__Task brief__: Please give back the listing below word for word and drop any images.

__Records provided__:
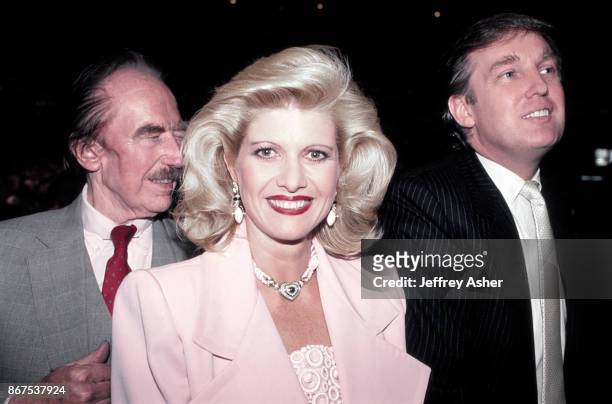 Businessman Donald Trump with Father Fred Trump and first wife Ivana ringside at Tyson vs Holmes Convention Hall in Atlantic City, New Jersey January...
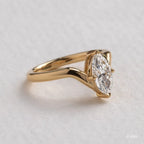 0.9 CT - 1.9 CT Marquise Cut V-shaped Band Solitaire Moissanite Engagement Ring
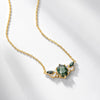 Natural Aqua Agate Women's S925 Silver Geometric Clavicle Necklace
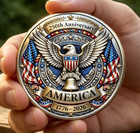 Usa 250th Anniversary 1776-2026 - 5 Avdp Oz  999 Fine Copper Colorized Round
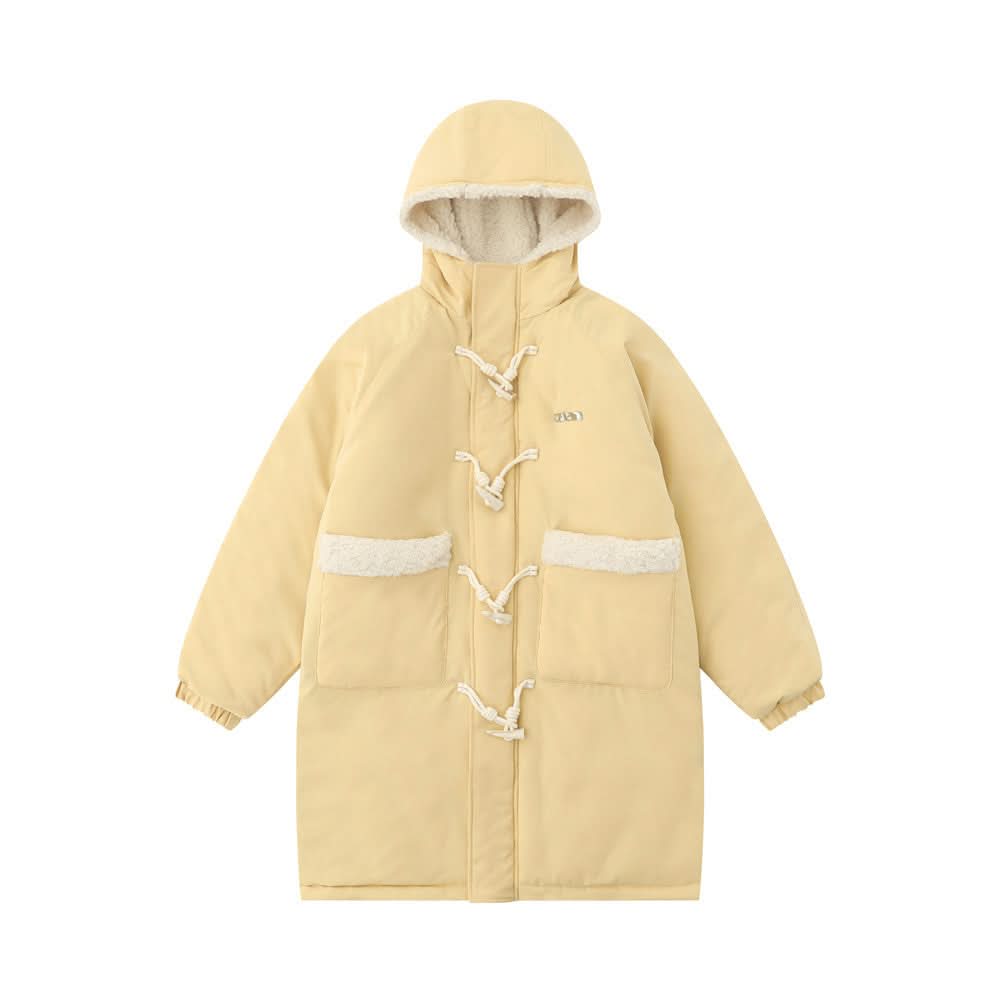 Long knee length hooded cotton jacket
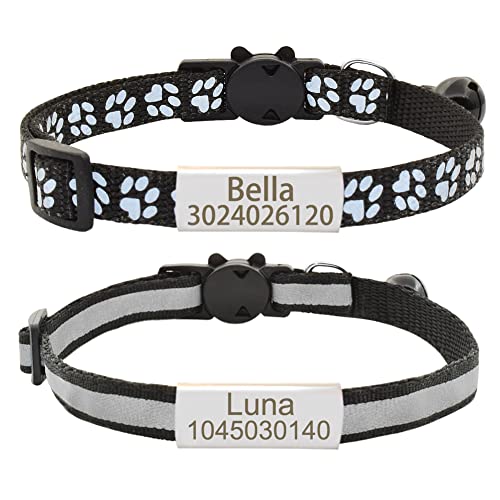 Senristar Personalisierte 2 Pack Reflektierende Katze Halsband, Benutzerdefinierte Breakaway Halsbänder mit Namensschild und Glocke, Anti-Verlust für Mädchen & Jungen, Nacken: 20-28 cm von Senristar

__Solution__:
 Businessman Donald Trump with Father Fred Trump and first wife Ivana ringside at Tyson vs Holmes Convention Hall in Atlantic City, New Jersey January...
 0.9 CT - 1.9 CT Marquise Cut V-shaped Band Solitaire Moissanite Engagement Ring
 Natural Aqua Agate Women's S925 Silver Geometric Clavicle Necklace
 Usa 250th Anniversary 1776-2026 - 5 Avdp Oz  999 Fine Copper Colorized Round
 Long knee length hooded cotton jacket
 Senristar Personalisierte 2 Pack Reflektierende Katze Halsband, Benutzerdefinierte Breakaway Halsbänder mit Namensschild und Glocke, Anti-Verlust für Mädchen & Jungen, Nacken: 20-28 cm von Senristar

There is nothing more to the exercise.